Indeed, so far we have focused on the business’s approach to minimizing its risk of liability, but a plaintiff’s own conduct can be expected to play a central role on the causation element. During the course of litigation, the defendant-business should learn all it can about the plaintiff’s own activities around the time of alleged exposure. A plaintiff’s social media accounts and text messaging records can provide powerful evidence of the plaintiff’s daily activities during the incubation period. A plaintiff who has not been following public health guidelines by, for example, not maintaining social distance, failing to use a face mask, congregating with others, or making nonessential trips outside the home, will find it difficult to prove that he or she contracted COVID-19 on the business’s premises. Similarly, evidence that the plaintiff had been going to work or taking any form of shared or public transportation can also undermine the causal link between the plaintiff’s visit to the business’s premises and contraction of COVID-19.
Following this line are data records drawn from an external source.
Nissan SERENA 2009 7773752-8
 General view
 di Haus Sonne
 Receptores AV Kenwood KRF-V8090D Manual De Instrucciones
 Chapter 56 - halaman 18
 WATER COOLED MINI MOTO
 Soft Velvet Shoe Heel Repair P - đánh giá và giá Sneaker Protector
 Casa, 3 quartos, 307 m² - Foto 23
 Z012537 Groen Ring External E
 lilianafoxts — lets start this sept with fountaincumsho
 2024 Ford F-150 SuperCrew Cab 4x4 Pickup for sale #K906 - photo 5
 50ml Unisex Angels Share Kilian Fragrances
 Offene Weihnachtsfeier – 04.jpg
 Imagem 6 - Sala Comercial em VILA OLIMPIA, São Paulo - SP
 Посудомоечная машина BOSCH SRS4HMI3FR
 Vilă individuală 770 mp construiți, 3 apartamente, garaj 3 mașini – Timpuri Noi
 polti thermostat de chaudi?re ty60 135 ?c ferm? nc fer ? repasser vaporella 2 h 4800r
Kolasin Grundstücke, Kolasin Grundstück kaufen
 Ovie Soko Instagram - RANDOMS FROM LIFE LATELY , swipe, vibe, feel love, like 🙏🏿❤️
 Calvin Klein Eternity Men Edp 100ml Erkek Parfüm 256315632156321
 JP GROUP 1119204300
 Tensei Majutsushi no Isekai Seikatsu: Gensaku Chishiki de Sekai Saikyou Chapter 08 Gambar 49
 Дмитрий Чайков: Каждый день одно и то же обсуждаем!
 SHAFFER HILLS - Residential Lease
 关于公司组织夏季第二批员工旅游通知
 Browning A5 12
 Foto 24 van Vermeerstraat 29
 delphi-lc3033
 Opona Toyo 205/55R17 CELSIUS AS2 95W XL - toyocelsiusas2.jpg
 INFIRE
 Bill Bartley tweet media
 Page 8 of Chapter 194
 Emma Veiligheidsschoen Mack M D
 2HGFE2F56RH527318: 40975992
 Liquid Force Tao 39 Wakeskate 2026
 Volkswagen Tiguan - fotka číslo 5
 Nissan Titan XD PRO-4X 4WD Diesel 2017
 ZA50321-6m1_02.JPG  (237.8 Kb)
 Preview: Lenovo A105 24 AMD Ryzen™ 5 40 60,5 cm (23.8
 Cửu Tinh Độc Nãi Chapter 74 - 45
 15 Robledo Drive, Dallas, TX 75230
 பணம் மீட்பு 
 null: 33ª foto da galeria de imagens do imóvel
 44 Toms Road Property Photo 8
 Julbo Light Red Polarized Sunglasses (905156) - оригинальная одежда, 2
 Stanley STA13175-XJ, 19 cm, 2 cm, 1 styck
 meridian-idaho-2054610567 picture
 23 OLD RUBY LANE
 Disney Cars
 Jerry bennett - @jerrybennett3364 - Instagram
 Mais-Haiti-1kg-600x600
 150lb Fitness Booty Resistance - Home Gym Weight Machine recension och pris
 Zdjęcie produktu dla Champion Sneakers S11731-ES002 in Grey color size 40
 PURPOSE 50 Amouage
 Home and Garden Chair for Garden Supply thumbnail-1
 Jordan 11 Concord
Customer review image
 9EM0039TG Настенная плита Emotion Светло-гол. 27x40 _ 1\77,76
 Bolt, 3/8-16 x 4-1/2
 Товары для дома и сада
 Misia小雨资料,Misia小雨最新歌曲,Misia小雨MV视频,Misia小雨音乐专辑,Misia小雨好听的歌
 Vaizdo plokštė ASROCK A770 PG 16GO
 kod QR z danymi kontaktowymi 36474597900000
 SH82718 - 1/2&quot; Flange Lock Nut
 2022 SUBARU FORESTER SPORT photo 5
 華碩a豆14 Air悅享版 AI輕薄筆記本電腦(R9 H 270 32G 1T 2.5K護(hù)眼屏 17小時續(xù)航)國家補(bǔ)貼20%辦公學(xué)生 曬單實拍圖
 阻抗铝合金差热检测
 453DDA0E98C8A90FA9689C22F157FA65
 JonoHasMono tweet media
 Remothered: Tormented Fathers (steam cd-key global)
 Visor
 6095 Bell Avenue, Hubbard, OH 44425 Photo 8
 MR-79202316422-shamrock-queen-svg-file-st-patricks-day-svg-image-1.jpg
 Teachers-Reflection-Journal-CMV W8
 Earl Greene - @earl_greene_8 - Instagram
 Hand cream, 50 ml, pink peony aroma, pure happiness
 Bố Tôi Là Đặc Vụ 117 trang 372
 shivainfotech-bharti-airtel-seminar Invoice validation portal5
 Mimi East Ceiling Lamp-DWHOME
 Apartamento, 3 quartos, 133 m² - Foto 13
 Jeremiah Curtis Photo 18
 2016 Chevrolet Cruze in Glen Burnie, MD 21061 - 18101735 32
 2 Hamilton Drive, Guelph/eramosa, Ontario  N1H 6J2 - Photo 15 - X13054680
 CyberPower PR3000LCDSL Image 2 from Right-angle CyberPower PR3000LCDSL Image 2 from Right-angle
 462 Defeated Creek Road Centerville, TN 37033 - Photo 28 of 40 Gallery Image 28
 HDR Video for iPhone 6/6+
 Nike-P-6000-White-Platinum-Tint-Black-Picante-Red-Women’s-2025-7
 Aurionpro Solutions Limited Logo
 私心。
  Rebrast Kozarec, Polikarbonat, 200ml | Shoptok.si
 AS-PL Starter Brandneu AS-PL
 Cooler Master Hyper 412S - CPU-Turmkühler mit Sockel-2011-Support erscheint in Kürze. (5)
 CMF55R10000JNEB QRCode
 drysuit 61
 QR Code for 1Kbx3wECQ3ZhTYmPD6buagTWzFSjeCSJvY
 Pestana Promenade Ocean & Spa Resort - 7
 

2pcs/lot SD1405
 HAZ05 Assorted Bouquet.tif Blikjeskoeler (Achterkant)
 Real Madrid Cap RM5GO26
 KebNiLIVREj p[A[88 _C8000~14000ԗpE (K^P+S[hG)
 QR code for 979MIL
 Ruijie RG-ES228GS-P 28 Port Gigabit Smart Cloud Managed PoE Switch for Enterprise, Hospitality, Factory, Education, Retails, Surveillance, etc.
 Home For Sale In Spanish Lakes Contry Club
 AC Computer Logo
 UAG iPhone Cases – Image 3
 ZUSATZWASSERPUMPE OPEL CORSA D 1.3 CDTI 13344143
Also, as technology develops and becomes more accessible we may see businesses attempt to identify and compare the particular strain of COVID-19 that infected the plaintiff to any strain present on the premises to try to defeat causation. While a plaintiff may see little benefit in investigating which strain was present on the premises, there would be risks and benefits for a business defending a claim to consider when evaluating whether to do so itself. If the business is unable to document full compliance with public health guidelines and defeat a claim on the ground that it satisfied any duty owed the plaintiff, confirming that a plaintiff did not come down with the strain present at the business could end a case that might otherwise prove problematic.
Finally, in an attempt to paper over weaknesses in their evidence of causation, plaintiffs may attempt to rely on the legal doctrine of res ipsa loquitur to establish negligence. Generally, res ipsa loquitur “permits a trier of fact to draw an inference of negligence in the absence of a finding of a specific cause of the occurrence when an accident is of the kind that does not ordinarily happen unless the defendant was negligent in some respect and other responsible causes including conduct of the plaintiff are sufficiently eliminated by the evidence.” Enrich v. Windmere Corp., 416 Mass. 83, 88 (1993). To apply the doctrine, a “jury must be able to find, either by expert evidence or by their own common knowledge, that the mere occurrence of the accident shows negligence as a cause.” Id. Based on the unknowns still remaining about the coronavirus and its transmission, along with the myriad ways that a plaintiff could catch it from a source other than by entering onto the defendant business’s premises, it seems unlikely that a court would be willing to apply the res ipsa loquitur doctrine to hold a defendant liable for exposure to COVID-19 in the absence of evidence of a direct causal link. See, e.g., J.E. v. Beth Israel Hosp., 295 A.D.2d 281, 284, 744 N.Y.S.2d 166, 170 (2002) (holding that “where there are several possible causes of injury, for one or more of which defendant is not responsible, plaintiff cannot recover without proving that the injury was sustained wholly or in part by a cause for which defendant was responsible”). Nevertheless, businesses should not be surprised to see it raised in litigation, and should be prepared to respond with evidence suggesting that a plaintiff could have been exposed at any one of a number of places other than the premises.